The Kenyan government is cracking down on the low royalties it gains from mining within its borders. As part of the move to strengthen the financials of the mining industry, the country’s policy makers have developed a code that sets expected royalties for different kinds of minerals, and have hired McKinsey & Company to design a 20 year horizon strategy and plan for the sector as a whole.
The Kenyan mining industry has in recent years delivered little in tax value to government coffers. Kenya, the largest economy in East Africa, is lagging considerably behind neighbours like Tanzania when it comes to income from its mining industry – with World Bank data showing that the Kenyan government’s GDP intake from mining is 1%, compared to Tanzania’s 4%.
To create a more equitable system for the benefit of the people, the Kenyan Government is aiming at introducing new legislation that will increase the royalty take it receives from the extraction of precious metals and stones located within its ground. The new code will see royalty rates in terms of gross sales value 1% for industrial minerals such as gypsum and limestone, 5%% for gold, 10% for coal, titanium ores, niobium and rare-earth elements, and 12% for diamonds.
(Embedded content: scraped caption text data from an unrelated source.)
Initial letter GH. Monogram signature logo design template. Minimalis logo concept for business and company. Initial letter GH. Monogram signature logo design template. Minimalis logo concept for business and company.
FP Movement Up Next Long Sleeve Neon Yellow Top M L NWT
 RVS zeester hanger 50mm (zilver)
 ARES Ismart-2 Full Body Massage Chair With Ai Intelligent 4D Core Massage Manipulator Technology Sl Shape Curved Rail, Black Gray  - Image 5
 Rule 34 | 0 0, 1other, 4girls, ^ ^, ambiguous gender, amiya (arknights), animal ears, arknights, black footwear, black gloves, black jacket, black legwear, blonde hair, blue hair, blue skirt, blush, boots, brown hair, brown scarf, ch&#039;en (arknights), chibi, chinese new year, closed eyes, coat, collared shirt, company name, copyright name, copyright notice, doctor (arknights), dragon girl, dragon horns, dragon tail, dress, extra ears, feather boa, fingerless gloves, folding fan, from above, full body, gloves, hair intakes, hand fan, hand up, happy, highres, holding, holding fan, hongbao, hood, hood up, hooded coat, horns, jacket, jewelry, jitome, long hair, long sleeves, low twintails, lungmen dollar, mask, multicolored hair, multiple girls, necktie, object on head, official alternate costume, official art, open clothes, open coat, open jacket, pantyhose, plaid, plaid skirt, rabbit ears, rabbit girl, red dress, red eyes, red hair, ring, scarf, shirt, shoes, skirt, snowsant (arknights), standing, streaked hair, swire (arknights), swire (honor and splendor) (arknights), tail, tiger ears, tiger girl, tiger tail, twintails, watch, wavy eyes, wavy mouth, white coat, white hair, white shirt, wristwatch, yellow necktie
The plan to introduce a more strict code for royalties, and thereby prevent exploitation of its natural wealth, has been partly funded by the UK Department of International Development, with little known about their exact involvement in the code. The new rules are expected to be approved on August 27 and passed into law by January 2016 – with a forecasted win for the coffers of the Kenyan Government of 1.5 billion Kenyan shillings ($15 million) next year, up from the paltry sum of 21 million shillings in 2012.
McKinsey & Company
As part of the development of the mining industry, the Government of Kenya has hired global management consulting firm McKinsey & Company to design a 20 year strategy for the sector. The strategy will present an overview of Kenya’s current competitiveness – across a range of economic, political and geographical factors – and provide insights in how competitiveness can going forward be elevated. “This national strategy will actually position Kenya properly,” says Najib Balala Kenya’s Mines Secretary. “We want to have Kenya as a regional hub.”
A recent study from Roland Berger reveals that globally the mining industry by no means is cash-strapped. According to the consultants, major players currently sit on a pile of cash the size of $90 billion. In Kenya’s case, finding cash has turned out a challenge, and as a result policy makers have turned to international players for the costing and implementation of the study. The Kenyan Government has for instance been in discussion with Chinese companies, with the research to be partly funded by the Export-Import Bank of China – to the tune of $67 million – and to be carried out by China-controlled Geological Exploration Technical Institute over as many as three years.
The deal with the Export-Import Bank of China however, looks like it may not proceed. The Bank has been sending mixed messages about the project, causing the Kenyan Government to next month decide whether “it’s on or it’s off”. According to Balala, the government is considering private-bank loans or funding from the Treasury instead.
McKinsey in Kenya
In September last year McKinsey opened its office in Nairobi, Kenya. Since then the consultancy has enjoyed serving a range of large clients in the country – besides the recent deal with the Government, McKinsey has advised amongst others the National Bank, Kenya Airways, KCB and the Kenya Revenue Authority (KRA).